I was curious about the dosage and how it might affect the remaining LSP. I used half the 1L of the foam gun. So 50ml of shampoo for the whole car. Dosage for this particular shampoo was 30-40ml for a 20L bucket. So I don't think I have much to worry about. And to be fair, Polar Wash is advertised as having an effect on LSPs with repeated use, so I suspect it might not be PH neutral. It also need a much higher dosage with a 50:50 mix in the lance. So I'd be using about 250ml of Polar Wash compared to 50ml of a high foaming shampoo.

*DIY Polar Seal*

My protection was holding out pretty well, but was starting to fail in the lower panels.
For the diy polar seal experiment, I used EZ Car Care's InstaGloss. Used 100ml topped to 500ml in the lance.










Sprayed on and evenly distributed over the paint. It immediately started to bead and caused an interesting water effect. Instructions call to let it dwell, but not dry. So I packed up my bottles and buckets and then jet washed it off.









You might see the interesting beading pattern on the front fender, and that's before being PWd

I sheet water and it dried most of the car and it got it 80% dry.

*Conclusion*
While I probably didn't reevent the wheel here, I do see some appeal to the Polar Blast/Wash/Seal method. 
You hardly have to touch your car to both wash, protect and dry your car. 
I got 2 cars done in nearly half the time. Using the PW so much, especially for applying product, really speeds it up. 
It does get pretty annoying though to go back to the kitchen and wash out the lance, dose it correctly, and fill with hot water. But not having to use the 2BM makes it more convenient too.

Any questions, let me know.


----------



## WristyManchego (Sep 9, 2018)

Fairtony said:


> So all the news about AGs new products had me fascinated. It an interesting new concept. But not something that would necessarily be impossible to recreate with some of my favourite products.
> 
> So I conducted an experiment:
> 3 products on a really rather dirty and salty car.
> ...


Nice work experimenting for yourself. You've stumbled upon the 2LM, one component of a much better wash system.


----------



## Fairtony (Mar 12, 2018)

WristyManchego said:


> Nice work experimenting for yourself. You've stumbled upon the 2LM, one component of a much better wash system.


2LM? 2 lance method?

Sent from my iPhone using Tapatalk


----------



## WristyManchego (Sep 9, 2018)

Fairtony said:


> 2LM? 2 lance method?
> 
> Sent from my iPhone using Tapatalk


Right on.


----------



## GleemSpray (Jan 26, 2014)

I do sometimes put shampoo through a foam lance, then gently use a wash mitt to move the resulting short-lived foam around.

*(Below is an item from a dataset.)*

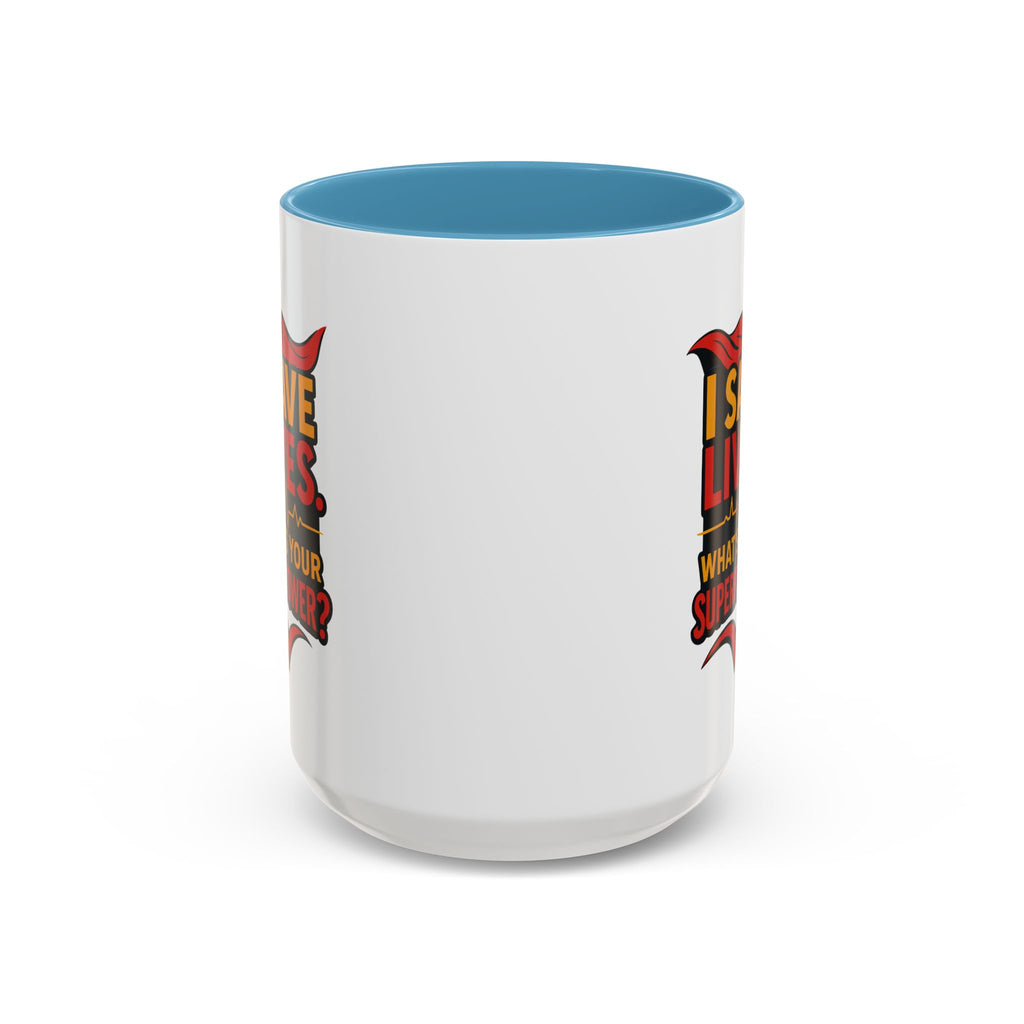 Heroic Superpower Coffee Mug - Perfect Gift for Nurses, EMS, Essential Workers, Motivational Gift, Inspirational Mug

Did a post on here a few years back using turtle wax zip wax via a foam lance / wash mitt and it worked surprisingly well - certainly a little better than using Autoglym Pressure Wash via a foam lance.

Great for a super quick mid-week wash in the summer.


----------



## Leezo (Nov 20, 2008)

I'm assuming that the best practice for the Autoglym polar treatment is to have 3 bottles ready for use with the foam lance?
Is that what everyone is doing so far?

Do people have links to spare 1ltr bottles??


----------



## \Rian (Aug 23, 2017)

Hot water doesn't help.

How many of you have actually felt the water/foam coming out of your Pressure washer?

Is it still hot?

I've checked much time, the hose is warm but the water coming out isn't.

I believe this is due to the fact the water is cooled by the pressures its forced out the nozzle

Obviously, warm water in your wash bucket is a different story.

Since coming to this conclusion, I don't use hot water via my Pressure washer and have not notice a difference


----------



## Fairtony (Mar 12, 2018)

\Rian said:


> Hot water doesn't help.
> 
> How many of you have actually felt the water/foam coming out of your Pressure washer?
> 
> ...


I haven't done anything scientific. But I've always wondered if the hot concentrate mix might give it a bit more energy and turbulence when it got mixed and foamed through the nozzle. Just a theory though.

I do really like the 'pressure wash' step though. My next wash was gonna be about 40ml of shampoo and 10ml of the Detailed Online Lava snow foam to try and boost the foam and dwell time. Although I really have to say that it lasted a good long while when using the shampoo mentioned during my OP.

Sent from my iPhone using Tapatalk


----------



## Yellow Dave (Apr 5, 2011)

Putting something under pressure generates heat. 

The reason hot water in the lance comes out cold through the pressure washer is the heat is very quickly dissipated through the constant flow of cold water from the hose into the pressure washer 

Hot water in a spray bottle is different as there isn't the volume of cold water to dilute it.


----------



## fatdazza (Dec 29, 2010)

Feed hot water into the pw. The cleaning power difference is noticable. My kranzle k7 takes up to 60 degrees c so can connect to the hot tap. :thumb:


----------



## camerashy (Feb 9, 2014)

GleemSpray said:


> I do sometimes put shampoo through a foam lance, then gently use a wash mitt to move the resulting short-lived foam around.
> 
> Did a post on here a few years back using turtle wax zip wax via a foam lance / wash mitt and it worked surprisingly well - certainly a little better than using Autoglym Pressure Wash via a foam lance.
> 
> Great for a super quick mid-week wash in the summer.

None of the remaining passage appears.